The following table summarizes which specific components require to be fixed:
Report page | Components | Field to add |
---|---|---|
2 Security Cloudflare | Threats (scorecard) | Threats (Metric) |
Threats - Record Count (table) | Threats (Dimension) | |
Threats Over Time (area chart) | Threats (Breadown Dimension) | |
3 Reliability Cloudflare | Status Codes Last 24 hours (bar chart) | Copy of EdgeStartTimeStamp (Dimension) |
5 Last 100s Requests Cloudflare | Last 100 Requests (table) | Copy of EdgeStartTimeStamp |
For each of the report components listed above:
-
Select the report component affected.
-
On the menu to the right, under the Data tab, locate and click Invalid Dimension or Invalid Metric (as applicable).
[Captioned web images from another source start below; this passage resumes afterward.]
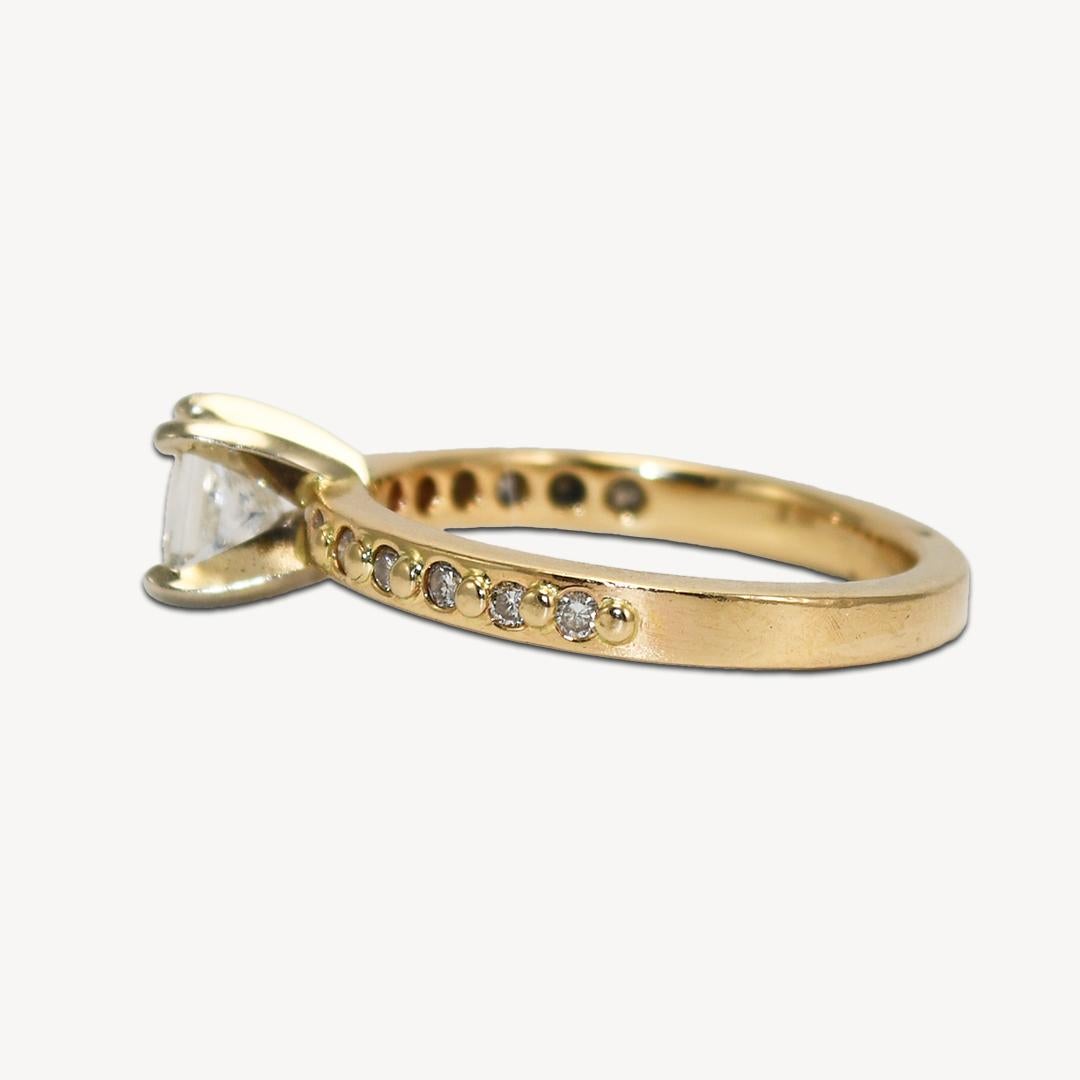 Bague de fiançailles solitaire en or jaune 14K avec diamant taillé en princesse Unisexe en vente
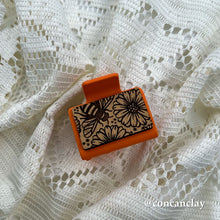 Load image into Gallery viewer, Small Flower Bee Hair Claw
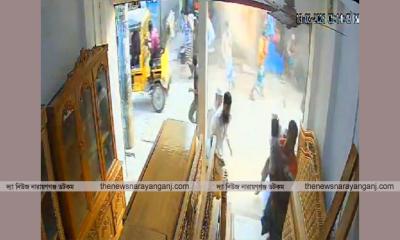 ফতুল্লায় সেলুনে ভয়াবহ গ্যাস বিস্ফোরণে শিশুসহ দগ্ধ ৩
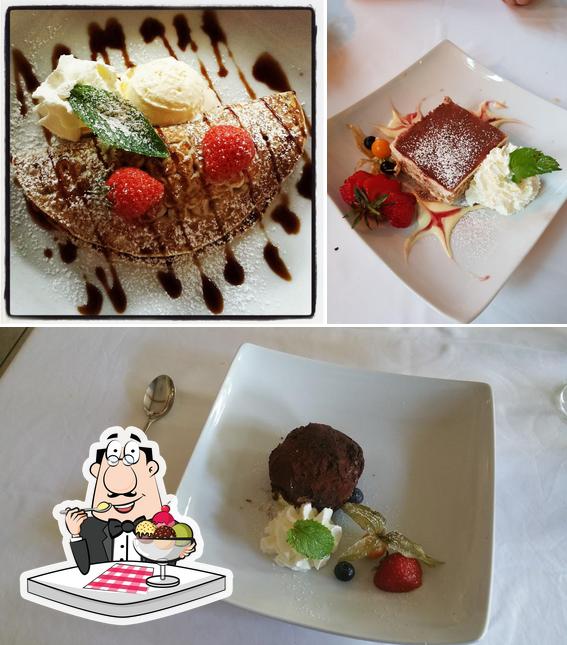 Pane e Vino provides a selection of desserts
The Field Picker panel opens.
-
Search or type for the field to add, then click to select it.
-
To finish, click away from the panel to return to the main report.
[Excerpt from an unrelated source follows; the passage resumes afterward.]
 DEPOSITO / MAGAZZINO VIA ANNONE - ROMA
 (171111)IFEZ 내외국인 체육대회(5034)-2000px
The component should now render correctly.
This fix applies to report page: 3 Reliability Cloudflare, for the following scorecard components in the report:
- 5xx Errors
- 4xx Errors
- 3xx Errors
To update the filter associated with each scorecard:
-
Select the report component affected.
-
On the menu to the right, under the Data tab, locate the Filters > Scorecard Filter section and click the pencil next to the filter name to edit it. The Edit Filter panel opens.
-
In the filtering criteria section, click the dropdown and scroll or search for the field EdgeResponseStatusClass and select it.
-
To finish, click Save in the lower right corner.
The component should now render correctly.